NASDAQ_TXRH_2018

(coco) #1

Elements of Compensation
Base Salary
Base salaries for our Named Executive Officers are designed to provide a secure base of compensation
which will be effective in motivating and retaining key executives.


Each Named Executive Officer’s 2018 Employment Agreement establishes an annual salary for the
years shown in the table below.


2018 2019 2020
(through (through (through
January 7, 2019) January 7, 2020) January 7, 2021)
($) ($) ($)

W. Kent Taylor ............................. 525,000 525,000 525,000
Chairman, Chief Executive Officer
Scott M. Colosi............................. 450,000 450,000 450,000
President(i)
Celia P. Catlett ............................. 315,000 315,000 325,000
General Counsel, Corporate Secretary
S. Chris Jacobsen............................ 300,000 315,000 325,000
Chief Marketing Officer
Tonya R. Robinson .......................... 275,000 300,000 —(ii)
Chief Financial Officer
Doug W. Thompson.......................... 450,000 450,000 —(ii)
Chief Operating Officer


(i) As more particularly described above, in connection with Ms.
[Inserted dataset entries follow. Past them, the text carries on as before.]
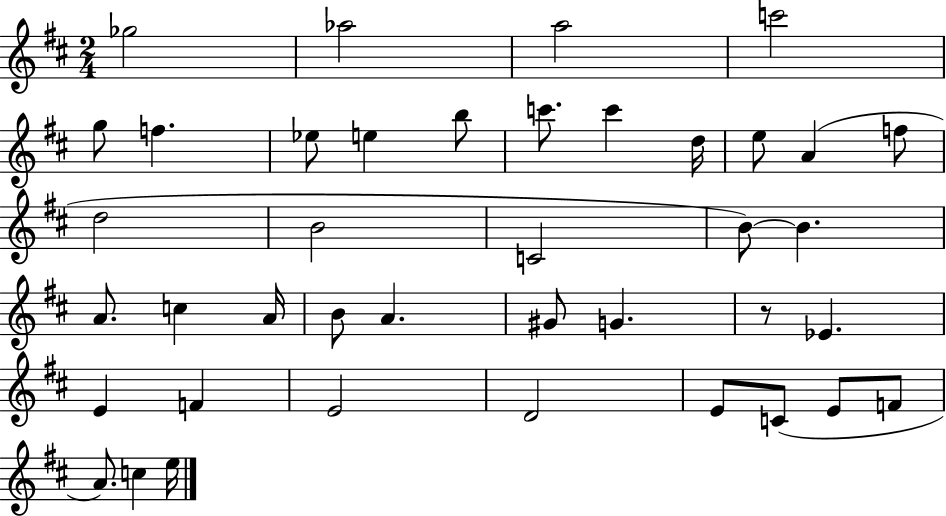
X:1
T:Untitled
M:2/4
L:1/4
K:D
_g2 _a2 a2 c'2 g/2 f _e/2 e b/2 c'/2 c' d/4 e/2 A f/2 d2 B2 C2 B/2 B A/2 c A/4 B/2 A ^G/2 G z/2 _E E F E2 D2 E/2 C/2 E/2 F/2 A/2 c e/4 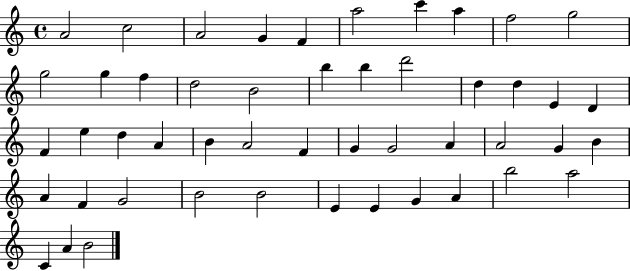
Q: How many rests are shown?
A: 0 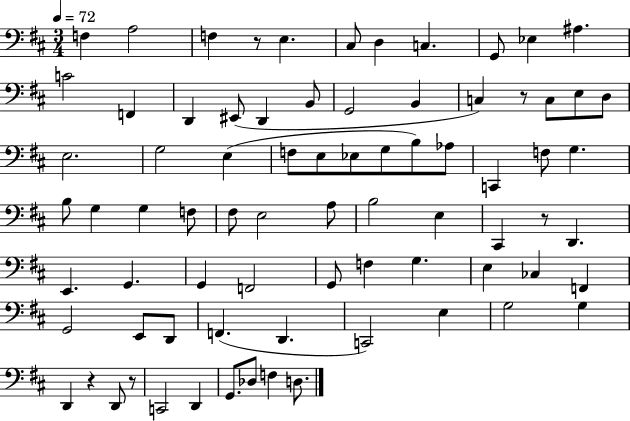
{
  \clef bass
  \numericTimeSignature
  \time 3/4
  \key d \major
  \tempo 4 = 72
  f4 a2 | f4 r8 e4. | cis8 d4 c4. | g,8 ees4 ais4. | \break c'2 f,4 | d,4 eis,8( d,4 b,8 | g,2 b,4 | c4) r8 c8 e8 d8 | \break e2. | g2 e4( | f8 e8 ees8 g8 b8) aes8 | c,4 f8 g4. | \break b8 g4 g4 f8 | fis8 e2 a8 | b2 e4 | cis,4 r8 d,4. | \break e,4. g,4. | g,4 f,2 | g,8 f4 g4. | e4 ces4 f,4 | \break g,2 e,8 d,8 | f,4.( d,4. | c,2) e4 | g2 g4 | \break d,4 r4 d,8 r8 | c,2 d,4 | g,8. des8 f4 d8. | \bar "|."
} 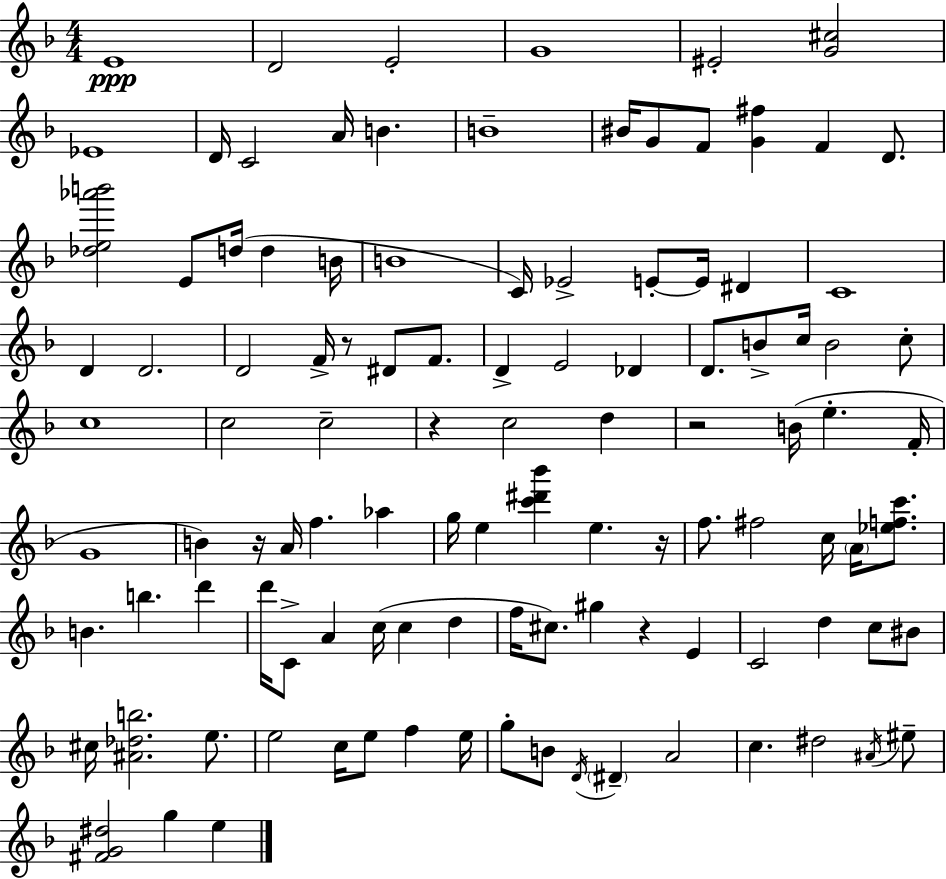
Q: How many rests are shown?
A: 6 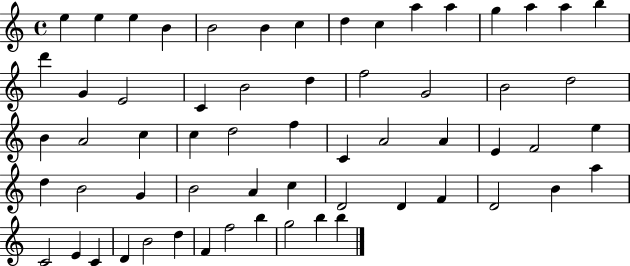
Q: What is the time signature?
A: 4/4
Robinson’s appointment to Chief
Financial Officer, the Company and Mr. Colosi entered into an amendment to his 2018
Employment Agreement on May 17, 2018 to reflect his resignation as Chief Financial Officer of
the Company while still remaining as the President of the Company. Because the compensation
committee did not increase Mr. Colosi’s compensation when he resumed his role as Chief
Financial Officer in 2014, the compensation committee did not reduce his compensation when he
resigned the position in 2018.


(ii) As of the date of this proxy statement, the base salary for Ms. Robinson and Mr. Thompson has
not yet been established for the period commencing on January 8, 2020 and ending on January 7,
2021.


Incentive Bonus


Incentive bonuses are designed to reward our Named Executive Officers for the success of the
Company, as measured by growth in the Company’s earnings per diluted share (‘‘EPS’’) and overall
pre-tax profit, and for each Named Executive Officer’s individual contribution to that success. It is our
belief that a significant amount of each Named Executive Officer’s compensation should be tied to the
performance of the Company.


Pursuant to the terms of the Texas Roadhouse, Inc. Cash Bonus Plan (the ‘‘Cash Bonus Plan’’), the
compensation committee may award an annual cash incentive to the Named Executive Officers, which
is the grant of a right to receive a payment of cash that is subject to targets and maximums, and that is
contingent on achievement of performance objectives during the Company’s fiscal year. These cash
incentives are also subject to the terms and conditions of the 2018 Employment Agreements and reflect
each Named Executive Officer’s job responsibilities and individual contribution to the success of the
Company.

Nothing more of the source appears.